Autor da Lei que decretou o 20 de novembro como Dia Municipal da Consciência Negra, Emerson Osasco agradeceu a presença das pessoas que se dispuseram a debater a consciência negra de forma coletiva.

“É muito importante que tenhamos pessoas aqui que falem sobre o que os ferem e o que ferem os seus. As pessoas precisam compreender o quanto é importante não serem amedrontadas em ser o que somos. A gente precisa lutar todos os dias com todas as forças e há inúmeros caminhos para que possamos fazer isso. A gente vai lutar para que na nossa cidade, as políticas públicas criadas possam permitir que nosso povo possa entrar livremente em todos os lugares”, afirmou Emerson Osasco.

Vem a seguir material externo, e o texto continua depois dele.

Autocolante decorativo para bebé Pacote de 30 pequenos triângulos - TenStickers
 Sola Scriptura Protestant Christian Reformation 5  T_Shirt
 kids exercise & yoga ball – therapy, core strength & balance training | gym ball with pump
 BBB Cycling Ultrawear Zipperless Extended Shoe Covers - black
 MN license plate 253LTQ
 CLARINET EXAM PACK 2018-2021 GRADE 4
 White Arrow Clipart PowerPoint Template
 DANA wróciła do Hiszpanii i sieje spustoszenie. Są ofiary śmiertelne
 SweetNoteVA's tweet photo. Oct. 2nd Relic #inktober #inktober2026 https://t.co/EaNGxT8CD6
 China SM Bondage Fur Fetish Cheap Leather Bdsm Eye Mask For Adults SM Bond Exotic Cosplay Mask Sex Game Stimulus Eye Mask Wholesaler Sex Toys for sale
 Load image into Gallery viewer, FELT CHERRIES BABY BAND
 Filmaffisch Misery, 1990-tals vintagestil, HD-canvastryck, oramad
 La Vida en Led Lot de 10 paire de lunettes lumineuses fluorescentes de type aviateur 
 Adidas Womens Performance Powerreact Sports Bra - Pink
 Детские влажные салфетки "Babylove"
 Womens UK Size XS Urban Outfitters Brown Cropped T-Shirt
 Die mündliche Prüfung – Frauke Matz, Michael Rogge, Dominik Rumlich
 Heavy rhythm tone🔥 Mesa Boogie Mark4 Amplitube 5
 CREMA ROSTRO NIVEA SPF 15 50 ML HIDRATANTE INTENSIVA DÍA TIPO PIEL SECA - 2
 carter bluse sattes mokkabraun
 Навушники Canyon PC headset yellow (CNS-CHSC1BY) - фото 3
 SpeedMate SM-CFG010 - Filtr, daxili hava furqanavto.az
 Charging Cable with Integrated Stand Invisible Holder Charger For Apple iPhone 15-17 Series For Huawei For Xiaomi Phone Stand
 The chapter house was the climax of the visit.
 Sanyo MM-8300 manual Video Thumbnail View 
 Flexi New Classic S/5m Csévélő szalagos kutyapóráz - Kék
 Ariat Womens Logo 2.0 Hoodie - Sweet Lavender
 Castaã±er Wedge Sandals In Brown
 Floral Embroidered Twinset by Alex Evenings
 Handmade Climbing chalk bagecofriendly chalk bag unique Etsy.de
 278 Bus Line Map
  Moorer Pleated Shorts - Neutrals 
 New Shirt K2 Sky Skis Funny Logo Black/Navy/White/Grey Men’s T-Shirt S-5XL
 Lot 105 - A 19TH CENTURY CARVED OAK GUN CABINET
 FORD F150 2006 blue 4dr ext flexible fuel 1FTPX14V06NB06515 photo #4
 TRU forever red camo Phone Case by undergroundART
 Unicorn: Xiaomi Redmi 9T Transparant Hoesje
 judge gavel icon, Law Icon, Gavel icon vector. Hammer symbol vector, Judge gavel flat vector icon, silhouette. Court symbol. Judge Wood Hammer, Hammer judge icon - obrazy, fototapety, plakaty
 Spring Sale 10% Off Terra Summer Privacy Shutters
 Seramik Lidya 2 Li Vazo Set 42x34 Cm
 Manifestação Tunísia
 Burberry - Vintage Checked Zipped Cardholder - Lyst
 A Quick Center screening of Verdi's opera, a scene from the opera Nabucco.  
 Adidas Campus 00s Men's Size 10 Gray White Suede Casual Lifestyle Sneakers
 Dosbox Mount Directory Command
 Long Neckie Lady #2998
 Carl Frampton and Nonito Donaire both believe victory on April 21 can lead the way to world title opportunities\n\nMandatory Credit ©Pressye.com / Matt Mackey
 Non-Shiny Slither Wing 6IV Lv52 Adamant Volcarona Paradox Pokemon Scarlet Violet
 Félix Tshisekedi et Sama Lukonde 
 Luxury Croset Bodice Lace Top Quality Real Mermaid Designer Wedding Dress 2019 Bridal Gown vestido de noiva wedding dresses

Presidindo a Audiência Pública, Juliana da Ativoz encerrou a solenidade exaltando as reflexões que foram feitas durante as mais de três horas de audiência. “Nós já discutimos LGBT, violência contra mulheres e negritude. Continuaremos fazendo essas discussões. Não fazer isso é apagar toda a nossa história, toda nossa ancestralidade. É importante todos nós participarmos disso. Eu queria que todos pudessem ter escutado o que foi falado aqui”, disse Juliana, pedindo que as pessoas se orgulhem de sua cor, de sua raça e de seus cabelos porque eles são a história de todos os que lutaram para que houvesse liberdade e igualdade, para que o debate sobre a consciência negra pudesse chegar na Casa Legislativa.